Komik argüman: Kalkan ülkelere karşı değil, füzelere karşı!
Abdullah Gül'ün mülakatta en fazla zorlandığı başlık ise, Türkiye'de kurulan füze kalkanı oldu. Gül, ABD'nin NATO üyesi değil, ama NATO ortağı olduğu için İsrail'le de istihbarat paylaşacakları açıklamasını yalanladı, "İsrail, NATO üyesi bir ülke değildir. NATO imkânlarından da faydalanamaz. Hele Türkiye olduğu süre içerisinde, böyle bir şey hiçbir zaman mümkün olmaz.

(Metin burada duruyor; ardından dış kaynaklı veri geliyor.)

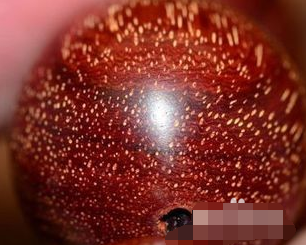 小叶紫檀怎么玩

Çünkü NATO içerisindeki her türlü izin veya hareket oy birliğiyle alınır. Bunlar sadece İsraillilerin kara propagandasıdır" dedi.

Füze kalkanının İran'a karşı olduğu sorusuna yanıt olarak ise Gül, NATO'nun anti-komünist kimliğini vurgulama ihtiyacı hissetti: "Türkiye'ye yerleştirilmiş olan radar sistemi İran'a karşı değildir. Bunu açıklıkla söylemek isterim. Çünkü biz 1952'den beri NATO'nun üyesi bir ülkeyiz ve NATO'nun en önemli ülkelerinden biriyiz. Biz bütün komünizmi durduran bir ülkeyiz bölgede ama bu radar sistemi, NATO savunması içerisinde füzelere karşı alınan bir tedbirdir."

Gül, ardından şu argümanı öne sürdü: "Bu füze kimde varsa, bu füze bugün bir ülkede yok da yarın başka bir ülkede var olursa, ona karşı toprakları korumak için. Dolayısıyla herhangi bir ülkeye saldırı amaçlı değil. Bu ülkelere değil, tekrar altını çiziyorum, bu ülkelere değil, bu füzelere karşı."